For some time now, public school superintendents in Pennsylvania, as well as the governor of that state and many others, have been striving to restrict the charter school money grab that has been allowed to run amok in that state for years.

Cyber charter schools in particular, notorious for consistently abysmal academic results and for being even more corrupt than brick-and-mortar charter schools, have come under fire because they receive large sums of public funds that are vastly disproportionate to their needs, functions, and claims. Overhead costs in cyber charter schools, it should be noted, are much lower than overhead costs in brick-and-mortar public schools and brick-and-mortar charter schools, but the flawed funding system essentially treats cyber charter schools like brick-and-mortar schools. Virtual charter schools also provide fewer services and resources than brick-and-mortar public schools, which can be especially problematic for students with special needs. All of this is beside the fact that charter schools have no legitimate claim to public money in the first place because they are not public entities in the proper sense of the word. Charter schools are privatized deregulated schools run by unelected private persons. Unlike public schools, charter schools are not agencies of the state and differ from public schools in profound ways. Charter school promoters, moreover, openly espouse “free market” ideology.

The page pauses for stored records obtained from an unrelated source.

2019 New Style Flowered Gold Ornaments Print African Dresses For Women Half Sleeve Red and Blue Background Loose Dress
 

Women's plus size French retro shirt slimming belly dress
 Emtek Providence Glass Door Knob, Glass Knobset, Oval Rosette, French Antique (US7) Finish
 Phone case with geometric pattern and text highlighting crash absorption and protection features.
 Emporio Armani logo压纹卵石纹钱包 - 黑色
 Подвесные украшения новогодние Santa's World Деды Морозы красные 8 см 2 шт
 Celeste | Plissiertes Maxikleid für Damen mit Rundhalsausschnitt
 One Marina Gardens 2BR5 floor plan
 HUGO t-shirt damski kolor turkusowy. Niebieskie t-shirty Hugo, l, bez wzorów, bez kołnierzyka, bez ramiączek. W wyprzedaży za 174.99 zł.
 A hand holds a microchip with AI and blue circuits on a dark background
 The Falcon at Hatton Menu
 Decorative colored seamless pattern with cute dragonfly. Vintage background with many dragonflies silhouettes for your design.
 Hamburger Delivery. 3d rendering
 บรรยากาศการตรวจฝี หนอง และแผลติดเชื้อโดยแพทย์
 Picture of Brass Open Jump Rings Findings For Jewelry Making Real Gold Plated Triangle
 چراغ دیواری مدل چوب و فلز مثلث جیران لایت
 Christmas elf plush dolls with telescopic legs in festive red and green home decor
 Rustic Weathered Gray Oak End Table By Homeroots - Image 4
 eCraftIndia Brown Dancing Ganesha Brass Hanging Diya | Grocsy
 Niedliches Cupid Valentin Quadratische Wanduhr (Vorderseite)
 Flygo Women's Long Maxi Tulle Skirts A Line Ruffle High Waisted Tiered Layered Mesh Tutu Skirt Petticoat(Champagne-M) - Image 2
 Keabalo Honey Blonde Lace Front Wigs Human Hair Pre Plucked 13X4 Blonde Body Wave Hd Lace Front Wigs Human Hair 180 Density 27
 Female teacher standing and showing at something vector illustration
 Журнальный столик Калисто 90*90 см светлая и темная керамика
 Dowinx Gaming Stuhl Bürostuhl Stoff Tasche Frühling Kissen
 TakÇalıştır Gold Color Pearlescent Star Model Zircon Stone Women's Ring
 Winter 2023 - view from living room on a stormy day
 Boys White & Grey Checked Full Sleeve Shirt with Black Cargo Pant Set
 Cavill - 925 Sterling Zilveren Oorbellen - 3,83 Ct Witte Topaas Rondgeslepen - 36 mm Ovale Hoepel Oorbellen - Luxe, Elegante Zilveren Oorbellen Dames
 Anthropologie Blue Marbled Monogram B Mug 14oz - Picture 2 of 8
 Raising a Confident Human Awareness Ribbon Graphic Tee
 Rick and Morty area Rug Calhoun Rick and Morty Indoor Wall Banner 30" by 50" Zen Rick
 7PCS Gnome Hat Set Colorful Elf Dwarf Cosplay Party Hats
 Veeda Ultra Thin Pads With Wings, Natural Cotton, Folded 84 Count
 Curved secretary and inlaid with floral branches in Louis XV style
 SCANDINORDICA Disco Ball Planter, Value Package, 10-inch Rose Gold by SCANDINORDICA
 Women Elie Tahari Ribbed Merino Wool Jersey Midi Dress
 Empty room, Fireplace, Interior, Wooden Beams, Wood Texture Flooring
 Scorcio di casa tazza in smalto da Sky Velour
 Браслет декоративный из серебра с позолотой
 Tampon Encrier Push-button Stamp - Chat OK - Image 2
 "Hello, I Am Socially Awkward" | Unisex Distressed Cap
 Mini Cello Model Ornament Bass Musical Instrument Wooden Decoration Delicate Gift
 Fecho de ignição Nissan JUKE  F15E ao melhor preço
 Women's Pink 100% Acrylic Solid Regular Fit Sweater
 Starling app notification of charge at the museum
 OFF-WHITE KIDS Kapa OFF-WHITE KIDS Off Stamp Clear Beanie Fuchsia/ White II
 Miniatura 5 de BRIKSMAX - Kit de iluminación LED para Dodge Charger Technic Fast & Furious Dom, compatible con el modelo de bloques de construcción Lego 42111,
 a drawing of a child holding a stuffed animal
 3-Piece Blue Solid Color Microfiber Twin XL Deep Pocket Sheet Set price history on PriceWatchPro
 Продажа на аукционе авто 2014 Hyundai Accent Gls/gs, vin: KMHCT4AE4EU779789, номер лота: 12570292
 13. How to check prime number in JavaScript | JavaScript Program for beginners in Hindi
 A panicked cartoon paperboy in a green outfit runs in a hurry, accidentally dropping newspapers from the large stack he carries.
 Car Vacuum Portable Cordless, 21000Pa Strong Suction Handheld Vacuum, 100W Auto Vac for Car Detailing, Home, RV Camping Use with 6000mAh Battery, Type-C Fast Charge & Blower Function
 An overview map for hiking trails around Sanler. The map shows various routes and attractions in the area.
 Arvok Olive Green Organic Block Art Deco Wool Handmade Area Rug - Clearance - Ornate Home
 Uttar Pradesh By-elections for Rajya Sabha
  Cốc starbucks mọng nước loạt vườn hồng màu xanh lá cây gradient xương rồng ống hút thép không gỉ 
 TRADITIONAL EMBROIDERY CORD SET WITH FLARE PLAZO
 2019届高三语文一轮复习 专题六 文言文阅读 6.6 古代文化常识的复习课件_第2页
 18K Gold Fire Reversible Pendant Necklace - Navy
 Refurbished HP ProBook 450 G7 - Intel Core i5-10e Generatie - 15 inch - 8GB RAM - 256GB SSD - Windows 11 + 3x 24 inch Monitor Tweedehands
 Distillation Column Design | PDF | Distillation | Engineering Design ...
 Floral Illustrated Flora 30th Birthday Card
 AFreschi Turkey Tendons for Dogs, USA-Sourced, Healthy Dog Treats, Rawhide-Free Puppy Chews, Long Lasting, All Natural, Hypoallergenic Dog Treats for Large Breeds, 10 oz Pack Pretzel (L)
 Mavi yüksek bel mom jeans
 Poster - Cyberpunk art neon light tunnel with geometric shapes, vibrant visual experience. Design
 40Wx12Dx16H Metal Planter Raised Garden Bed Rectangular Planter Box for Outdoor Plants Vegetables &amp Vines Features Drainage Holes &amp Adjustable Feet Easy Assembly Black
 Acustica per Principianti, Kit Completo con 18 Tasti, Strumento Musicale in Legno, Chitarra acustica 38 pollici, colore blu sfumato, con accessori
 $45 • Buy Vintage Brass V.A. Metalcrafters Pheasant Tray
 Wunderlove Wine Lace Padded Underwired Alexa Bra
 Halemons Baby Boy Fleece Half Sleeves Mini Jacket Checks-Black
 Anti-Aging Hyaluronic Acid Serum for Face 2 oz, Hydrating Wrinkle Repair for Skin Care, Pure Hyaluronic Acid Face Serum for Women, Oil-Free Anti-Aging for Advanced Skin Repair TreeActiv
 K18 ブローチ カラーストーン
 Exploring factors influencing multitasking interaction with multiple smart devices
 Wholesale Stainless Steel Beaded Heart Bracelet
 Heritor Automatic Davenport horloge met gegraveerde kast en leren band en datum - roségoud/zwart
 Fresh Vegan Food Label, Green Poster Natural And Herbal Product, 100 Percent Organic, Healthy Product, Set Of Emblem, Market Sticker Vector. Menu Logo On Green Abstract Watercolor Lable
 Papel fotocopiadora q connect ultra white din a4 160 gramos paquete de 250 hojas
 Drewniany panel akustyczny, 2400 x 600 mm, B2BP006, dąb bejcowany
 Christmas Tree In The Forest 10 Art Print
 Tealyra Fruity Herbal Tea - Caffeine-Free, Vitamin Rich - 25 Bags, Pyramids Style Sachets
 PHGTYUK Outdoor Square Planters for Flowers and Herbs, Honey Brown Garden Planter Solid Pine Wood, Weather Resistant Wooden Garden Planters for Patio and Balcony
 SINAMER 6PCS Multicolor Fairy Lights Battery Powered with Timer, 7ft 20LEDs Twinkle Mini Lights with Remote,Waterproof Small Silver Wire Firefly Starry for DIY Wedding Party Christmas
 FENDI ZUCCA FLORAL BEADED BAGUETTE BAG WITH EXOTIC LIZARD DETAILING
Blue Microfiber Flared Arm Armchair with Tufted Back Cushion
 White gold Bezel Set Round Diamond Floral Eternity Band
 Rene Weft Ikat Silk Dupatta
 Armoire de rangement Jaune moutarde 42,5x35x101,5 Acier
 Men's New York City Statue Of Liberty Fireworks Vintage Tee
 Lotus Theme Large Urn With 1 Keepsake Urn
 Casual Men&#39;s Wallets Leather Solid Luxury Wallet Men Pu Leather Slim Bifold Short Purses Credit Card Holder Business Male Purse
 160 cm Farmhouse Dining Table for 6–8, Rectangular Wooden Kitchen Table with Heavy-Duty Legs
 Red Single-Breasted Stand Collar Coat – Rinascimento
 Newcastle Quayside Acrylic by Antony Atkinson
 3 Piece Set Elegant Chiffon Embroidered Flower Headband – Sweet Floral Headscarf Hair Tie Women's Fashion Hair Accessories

At a recent press conference addressing the siphoning of large sums of public funds from public schools to privately-operated charter schools, Christopher Dormer, superintendent of the Norristown school district, said that, “today is an attack on a law that is broken, with skewed formulas that have resulted in drastic overpayments to charters, with little or no oversight on how those tax dollars are being spent” (emphasis added). Dormer added:

I’ll tell you, it does not cost $14,000 per year to educate a child in a fully virtual environment’, referring to what Norristown pays per student attending cyber charters. In contrast, he said, it costs the district $5,500 to educate a student fully online.